Vincenzo Nibali won his first stage of this year’s race and moved up from fourth to second overall, only 44 seconds behind Chaves, with one more challenging leg to go before the 99th edition of the race ends in Turin on Sunday.

“I won with rage today. It hasn’t been easy to handle everything that has happened over the past few days,” said Nibali, the pre-race favorite who struggled over the past week.

Having begun the stage with a three-minute lead, Kruijswijk dropped to third overall, 1:05 behind Chaves.

“I’m happy to have the Maglia Rosa (pink jersey) and be so close to winning the Giro but there’s another hard stage tomorrow,” Chaves said. “I’m sorry for Steven Kruijswijk. He made a small mistake in the downhill but he defended himself very courageously.”

Shortly after coming over the foggy Colle dell’Agnello pass, the highest point of the race at an altitude of 2,744 meters (9,000 feet), Kruijswijk lost control on a left turn and collided with a big wall of snow. The Dutchman flipped forward in the air and landed hard on his back and left arm, causing some painful scrapes and dirtying his pink jersey.

After putting his hand to his head to check that his helmet was still intact, Kruijswijk went to recover his bike, which needed mechanical assistance from a neutral race official’s car. Then he had to stop again, once his Team Lotto NL-Jumbo car had finally caught up to give him a spare bike to use.

Ilnur Zakarin, the Russian with Katusha who was fifth overall, had a more serious fall on the descent and had to abandon the race with a reported broken left collarbone.

Nibali clocked nearly 4 hours, 20 minutes over the 162-kilometer (101-mile) leg from Pinerolo to Risoul, France.

Mikel Landa, a Spaniard with Sky, finished second, 51 seconds behind, and Chaves was next, 53 seconds back.

Nibali attacked Chaves and dropped the Colombian on the final climb to Risoul, which could give the Italian the impetus to do the same thing Saturday.

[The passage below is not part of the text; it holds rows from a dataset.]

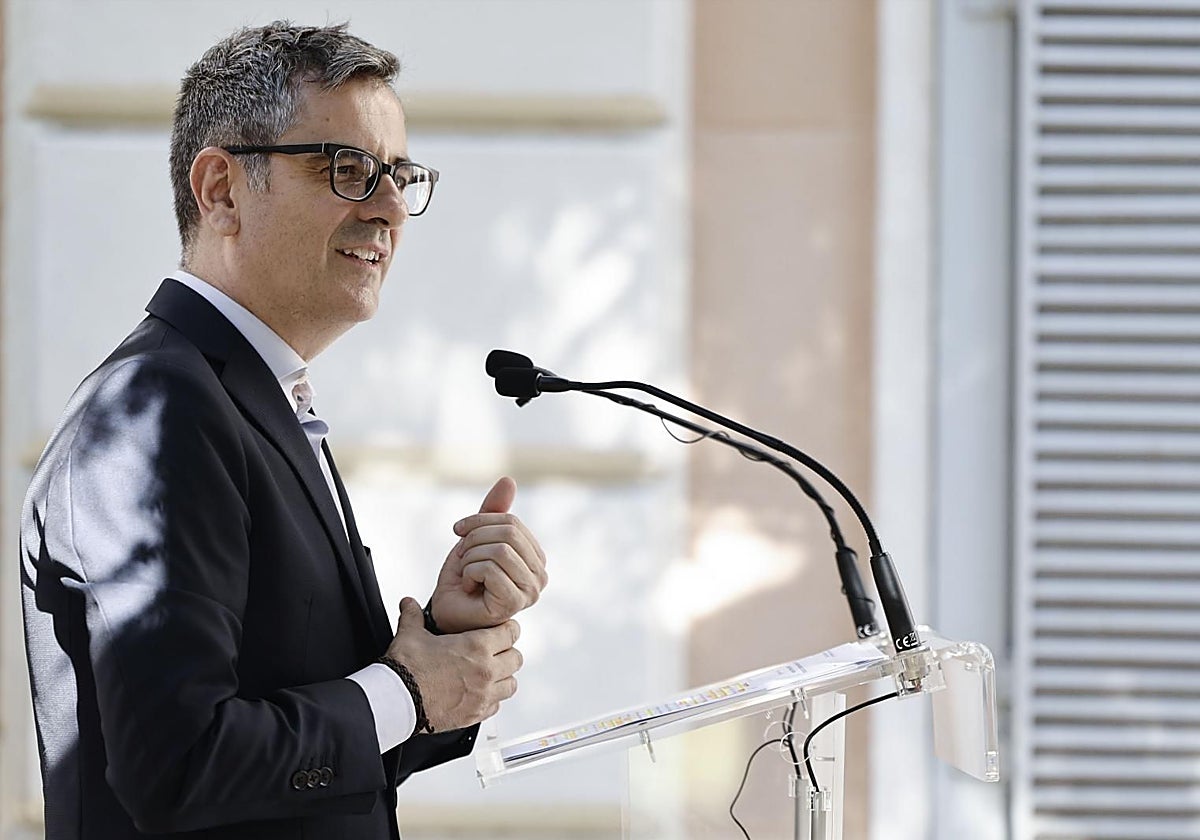 El Gobierno acusa a Feijóo de calentar el ambiente para deslegitimar el resultado electoral como Trump en 2020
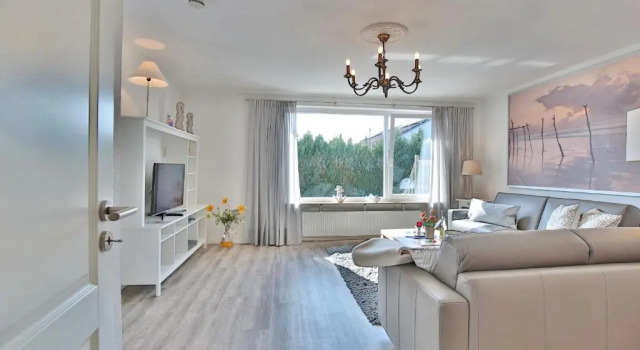 Appartemenhaus Linda-Lu Appartementhaus Linda-Lu Appartement 3, Забронировать Апартаменты/квартира Шарбойц Holstein Switzerland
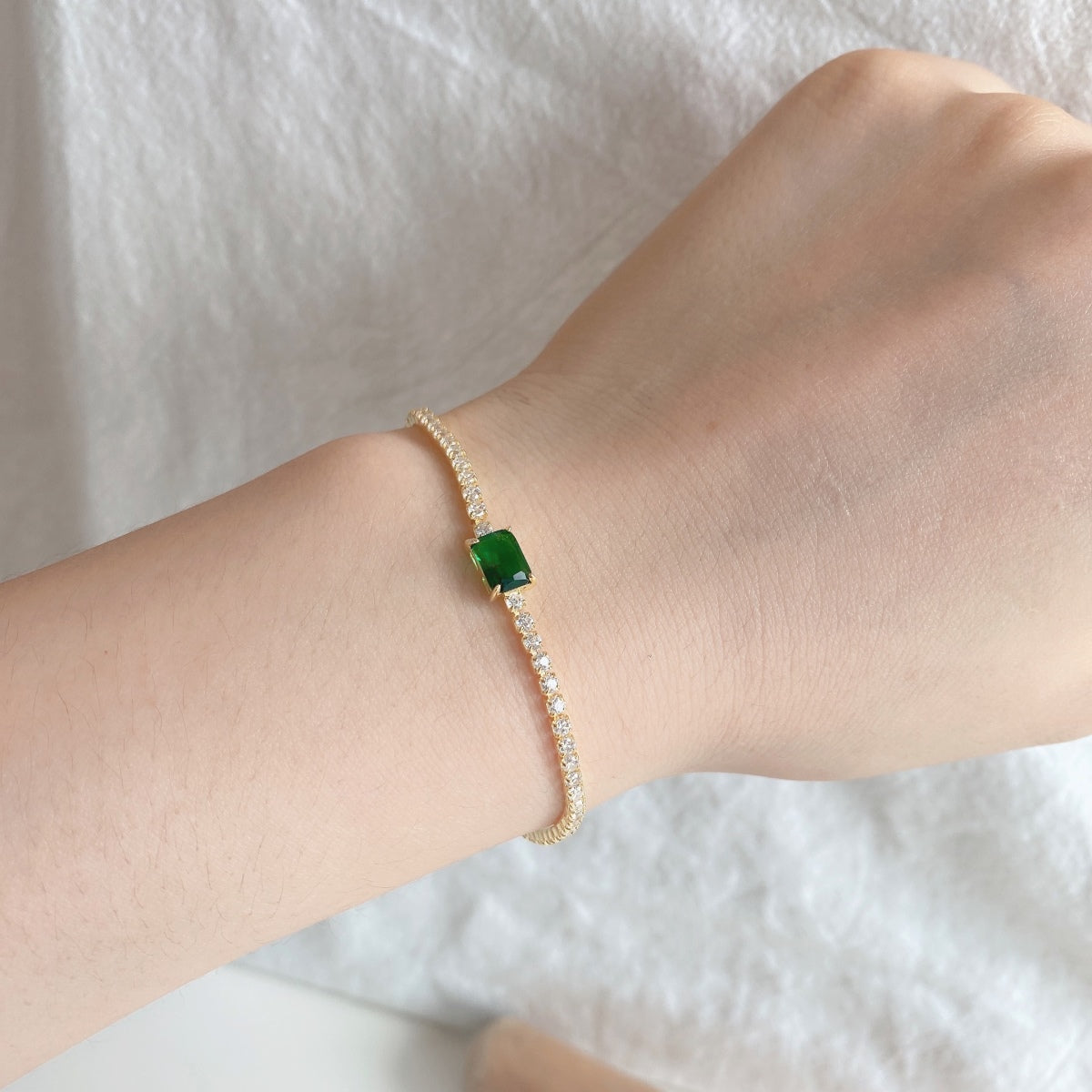 [Everoly JW]1.0 Carat Unique Emerald Cut Banquet Bracelet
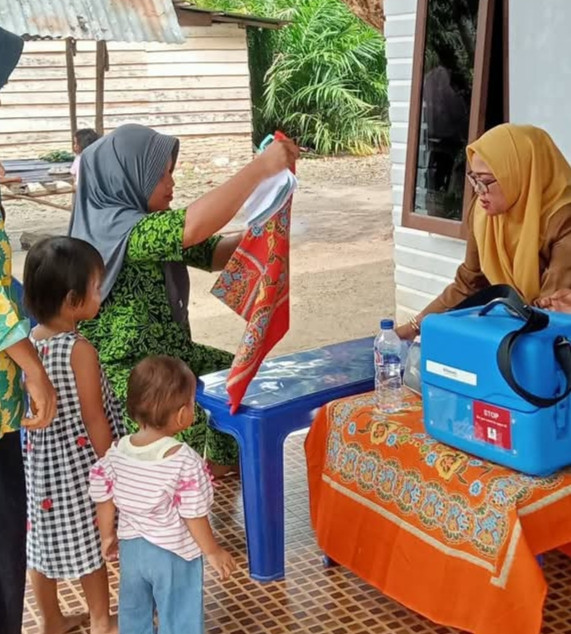 Pemberian makanan tambahan ( PMT) untuk balita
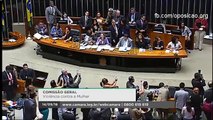 ➜ Feminista da OAB ataca Bolsonaro e ouve resposta do Deputado junto a Maria do Rosário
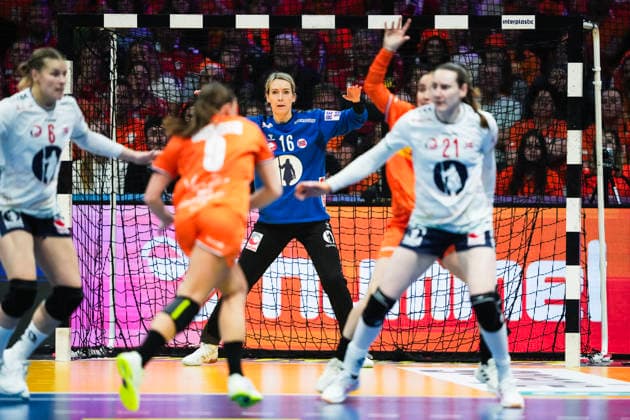Women s Handball World Championship 2025 Netherlands Norway Rotterdam, Netherlands 20251212 Norway s goalkeeper Katrine Lunde during the semi final of the Women s Handball World Championship between the Netherlands and Norway at Ahoy Arena Photo Beate Oma Dahle NTB Rotterdam Netherlands EDITORIAL USE ONLY RESTRICTED USE FOR BETTING COMPANIES  Copyright: xBeatexOmaxDahlex xNTBx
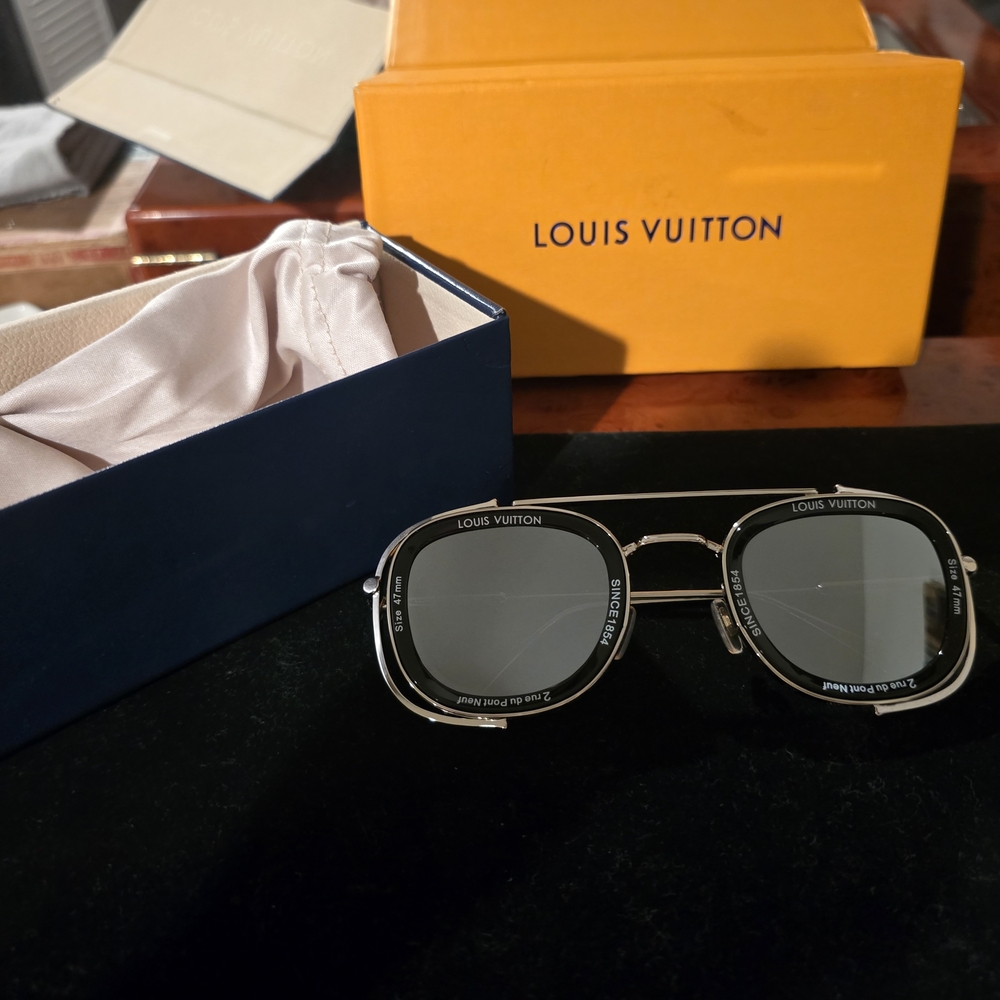Louis Vuitton Super-Vision Sunglasses!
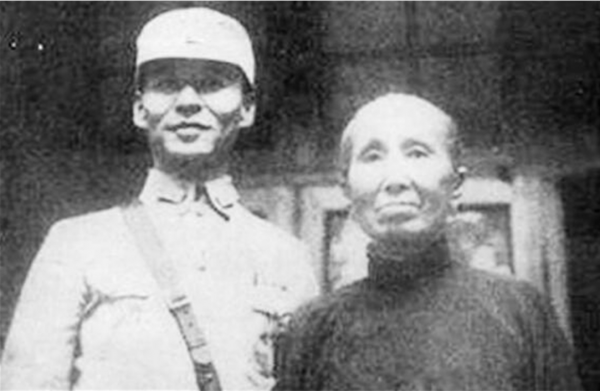 八年艱苦抗戰，八路軍的彈藥從哪裡來？毛澤東指示：另闢蹊徑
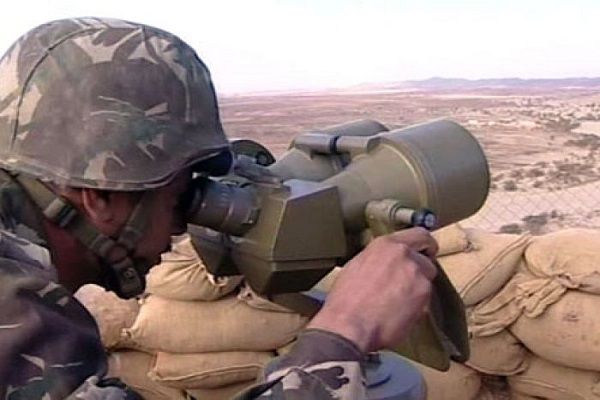 Tamanrasset: Un terroriste se rend aux autorités militaires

The 20th stage is a 134-kilometer (83-mile) leg from Guillestre, France, to Sant’Anna di Vinadio that features three first-category climbs and finishes uphill with a third-category ascent.

“I tried to stay with Nibali but he was too strong for me today,” Chaves said.

An aching Kruijswijk crossed nearly five minutes after Nibali.

Alejandro Valverde also struggled, and dropped from third to fourth overall, 1:48 back.

The 26-year-old Chaves is a pure climber who won the race’s “queen” stage, the 14th leg across the Dolomites. The Orica-Greenedge rider also won two stages en route to a fifth-place finish in last year’s Spanish Vuelta. He’s attempting to become the second Colombian to win the Giro after Nairo Quintana in 2014.

Kruijswijk had taken the lead following the 14th stage and appeared to be cruising toward victory.

Attempting to follow Nibali and Chaves, Kruijswijk’s crash occurred with about 50 kilometers (30 miles) to go and he had no teammates around to help him. Nibali, by contrast, was aided on the finishing climb to Risoul by Astana teammate Michele Scarponi, who slowed up to help his captain after going ahead in an early breakaway.

Following Saturday’s final test in the mountains, the race ends Sunday with a flat 163-kilometer (101-mile) leg from Cuneo to Turin.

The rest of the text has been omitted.